» Work to complete: Every entry below should be repeated exactly; the pictures should not.
Input records below:
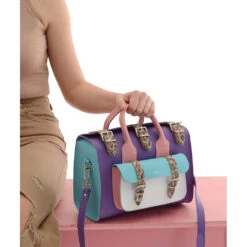 LUNA FURY -Grafea Sales Store LUNA FURY LIFESTYLE1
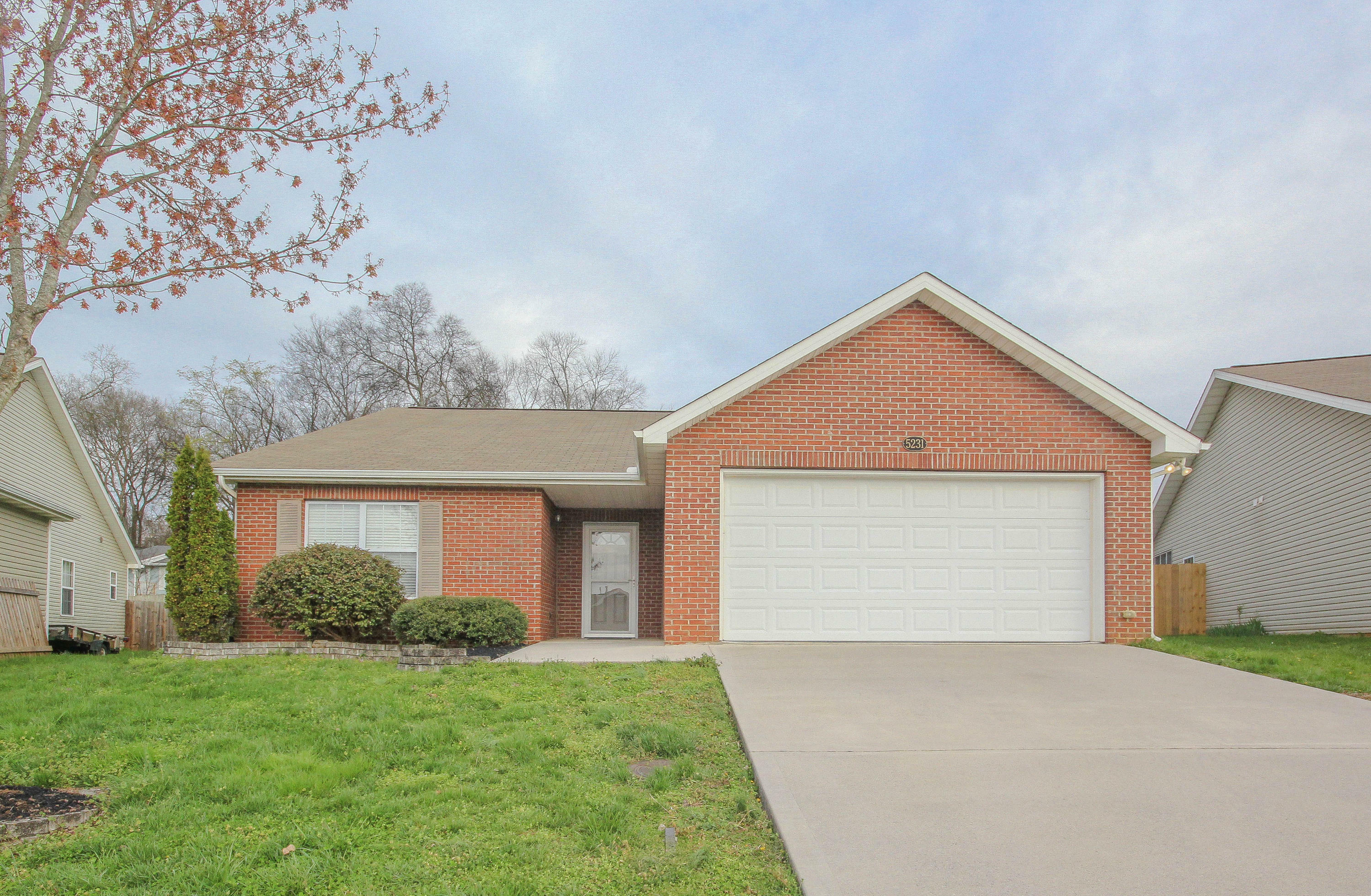 Property Photo: 5231 Blue Star Drive TN 37914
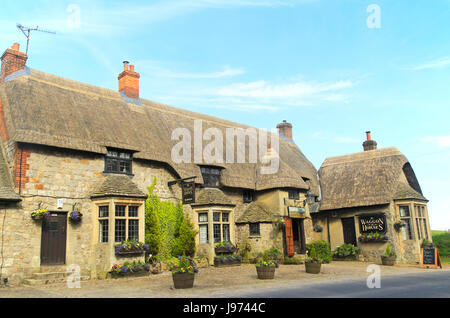 Le chariot et les chevaux, pub Beckhampton, Wiltshire, England, UK L'inspiration pour une scène dans le Pickwick Papers par Charles Dickens Banque D'Images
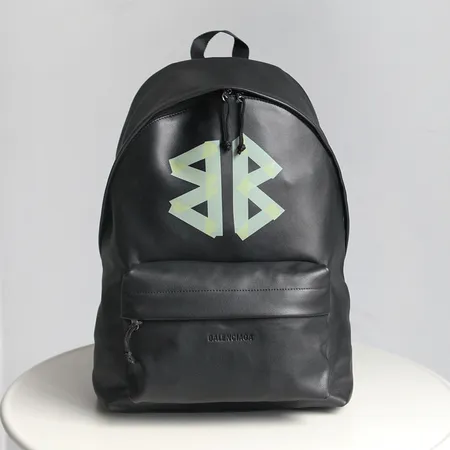 バレンシアガ リュックサック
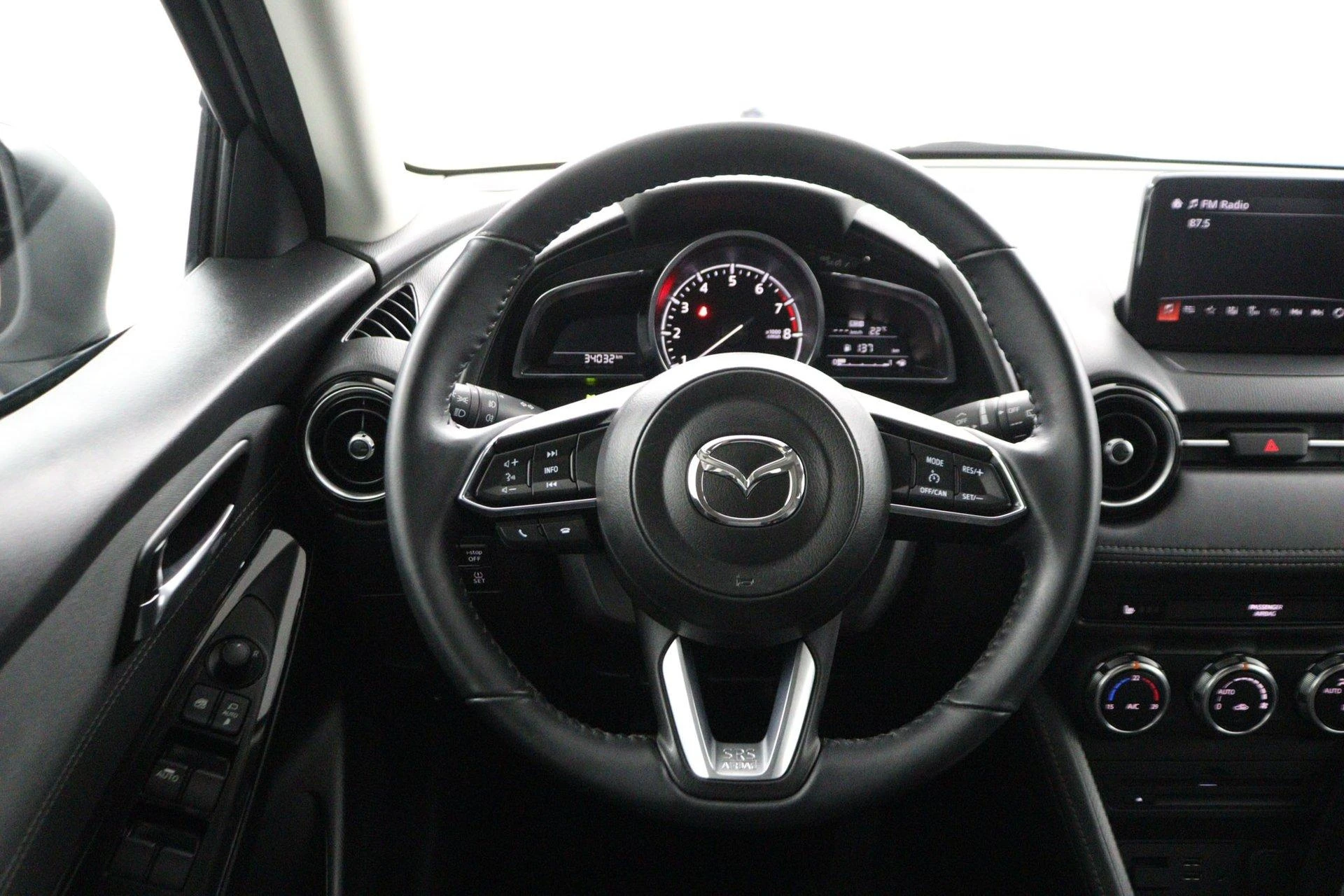 Mazda-2-image-55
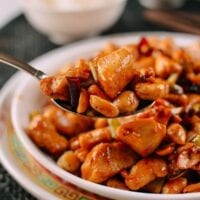 Serving kung pao chicken, jcghk.dfhdjkvfj.cf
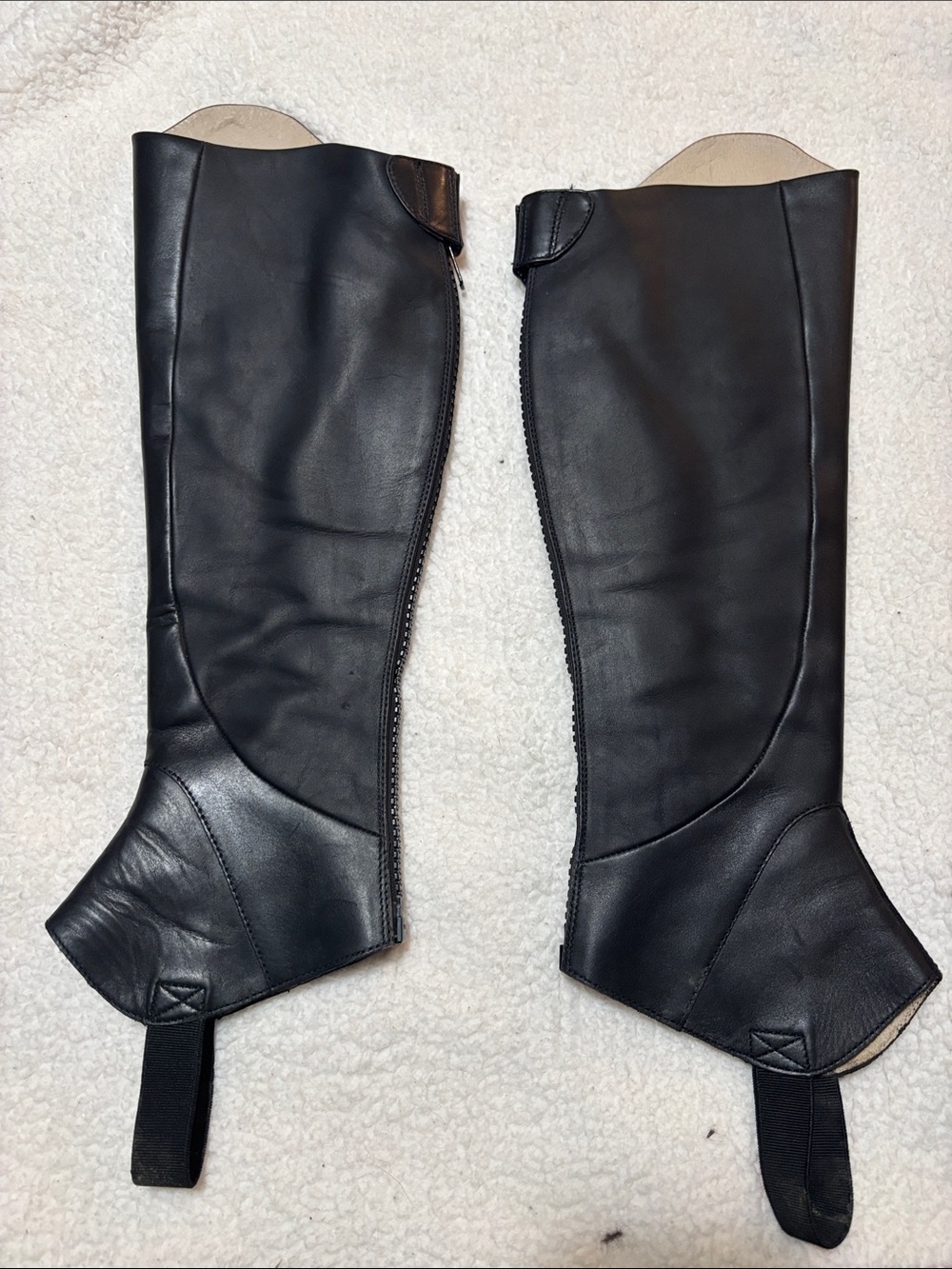 ARIAT Kendron  unisex Black Leather Half Chaps with Rear Zipper size medium - Picture 3 of 5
End of Input records.
» Solution for this task:
 LUNA FURY -Grafea Sales Store LUNA FURY LIFESTYLE1
 Property Photo: 5231 Blue Star Drive TN 37914
 Le chariot et les chevaux, pub Beckhampton, Wiltshire, England, UK L'inspiration pour une scène dans le Pickwick Papers par Charles Dickens Banque D'Images
 バレンシアガ リュックサック
 Mazda-2-image-55
 Serving kung pao chicken, jcghk.dfhdjkvfj.cf
 ARIAT Kendron  unisex Black Leather Half Chaps with Rear Zipper size medium - Picture 3 of 5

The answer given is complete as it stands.